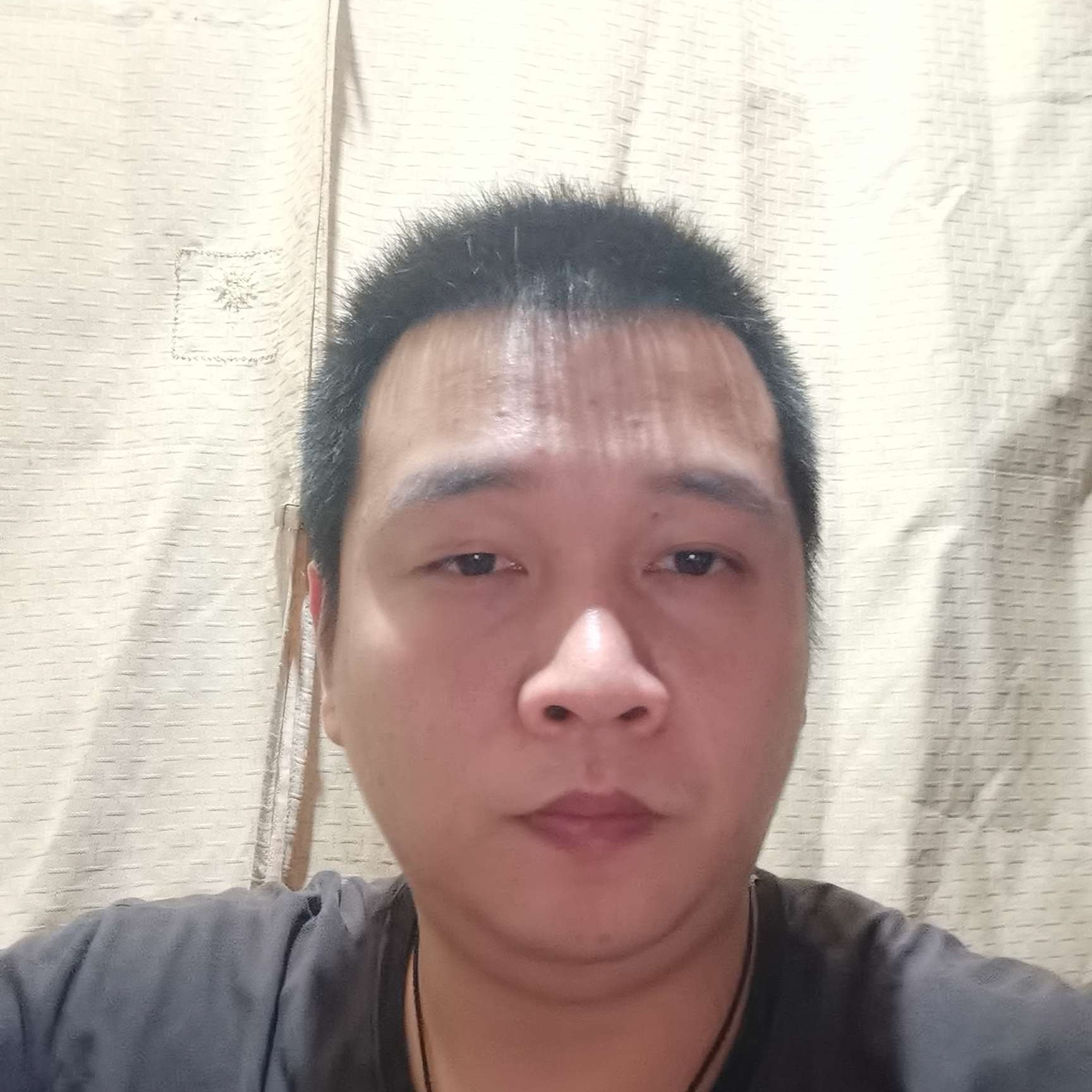 笨蛋阿木木的照片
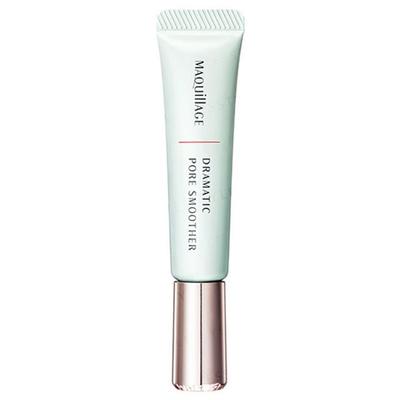 Maquillage Dramatic Pore Smoother SPF 15 PA++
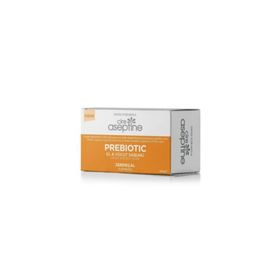 Cire Aseptine 100 gr Prebiotic Zeytinyağlı El ve Vücut Sabunu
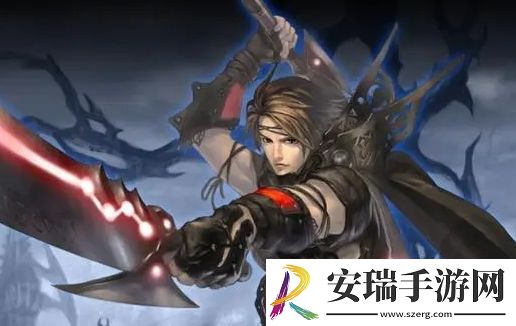 神都夜行录妖灵委派第二期活动介绍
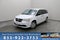 2020 Dodge Grand Caravan SE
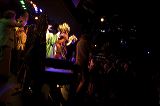 20110308_l1001159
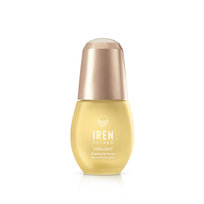 Iren Shizen, Serum rozświetlające – Star Light Brightening Serum, 20ml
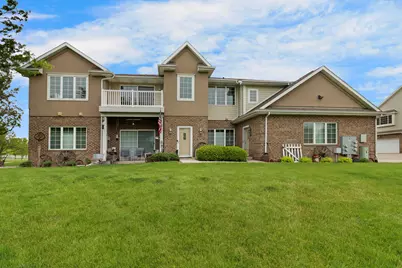 9284  66th Ave #64, Pleasant Prairie, WI 53158 - Photo 22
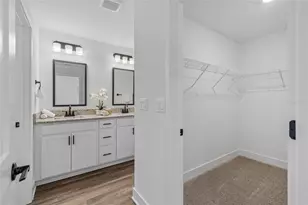 9409 Highland Hills Dr St, Hudson, FL 34667 - Photo 9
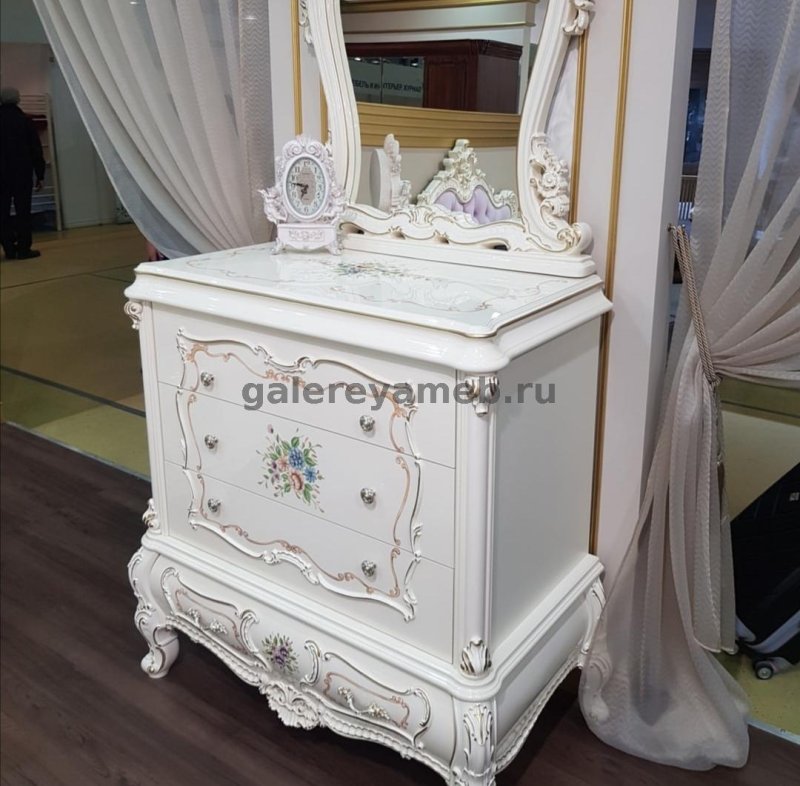 Фабрика dall Agnese
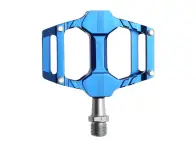 HT Components "ARS06" MTB Pedals
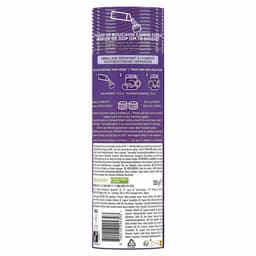 1 x Lenor In-Wash Geurbooster Bloemen Boeket 19 wasbeurten 235 gr- Geurbooster - Bloemenboeket - Wasgeur - Wasverzachter - Wasmachine — thumbnail 4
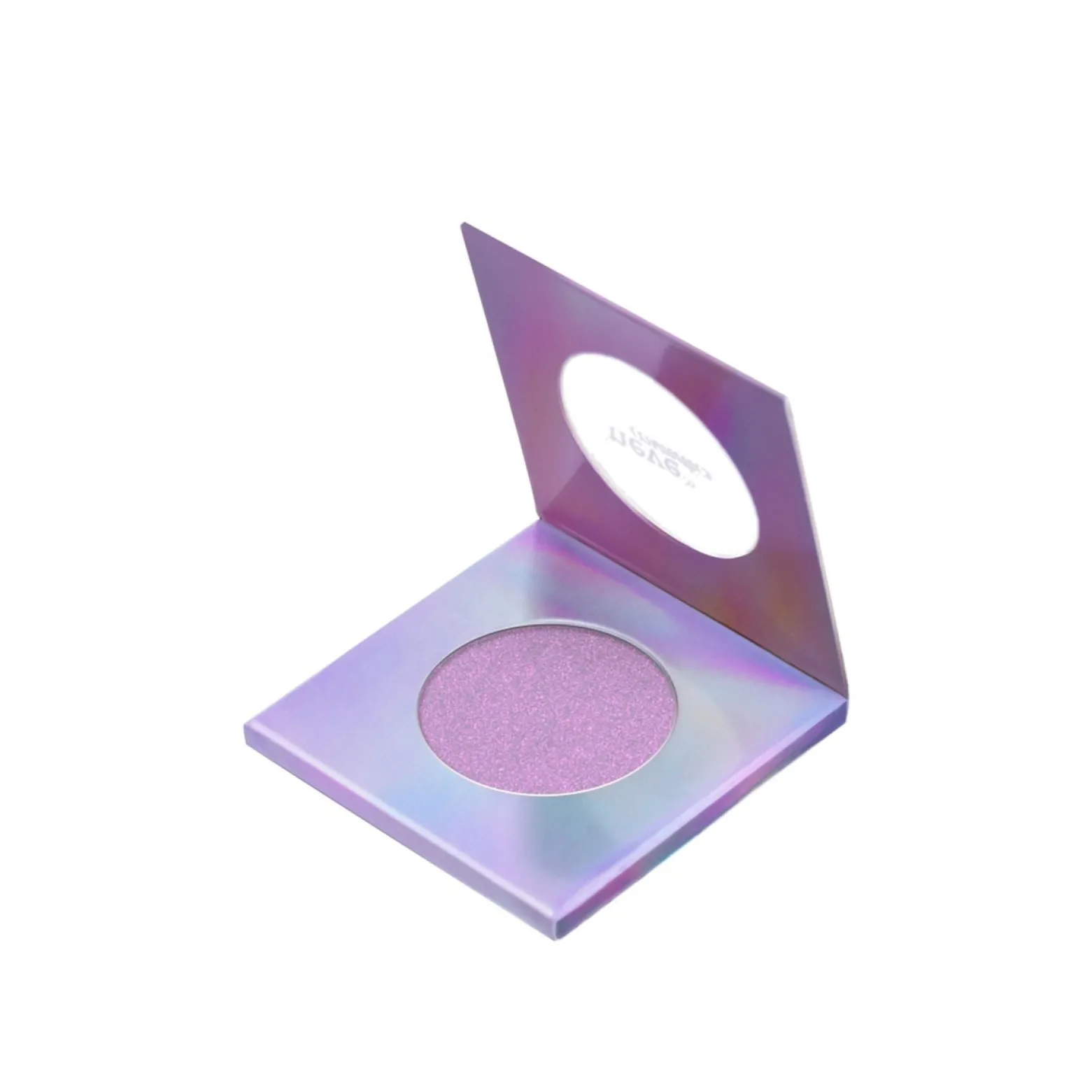 Neve Cosmetics Single Eyeshadow Wow 3g (0.1 oz)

# # #

What is needed:
Retype all the records shown above, character for character. Omit every picture.

Solution for this task:
 笨蛋阿木木的照片
 Maquillage Dramatic Pore Smoother SPF 15 PA++
 Cire Aseptine 100 gr Prebiotic Zeytinyağlı El ve Vücut Sabunu
 神都夜行录妖灵委派第二期活动介绍
 2020 Dodge Grand Caravan SE
 20110308_l1001159
 Iren Shizen, Serum rozświetlające – Star Light Brightening Serum, 20ml
 9284  66th Ave #64, Pleasant Prairie, WI 53158 - Photo 22
 9409 Highland Hills Dr St, Hudson, FL 34667 - Photo 9
 Фабрика dall Agnese
 HT Components "ARS06" MTB Pedals
 1 x Lenor In-Wash Geurbooster Bloemen Boeket 19 wasbeurten 235 gr- Geurbooster - Bloemenboeket - Wasgeur - Wasverzachter - Wasmachine — thumbnail 4
 Neve Cosmetics Single Eyeshadow Wow 3g (0.1 oz)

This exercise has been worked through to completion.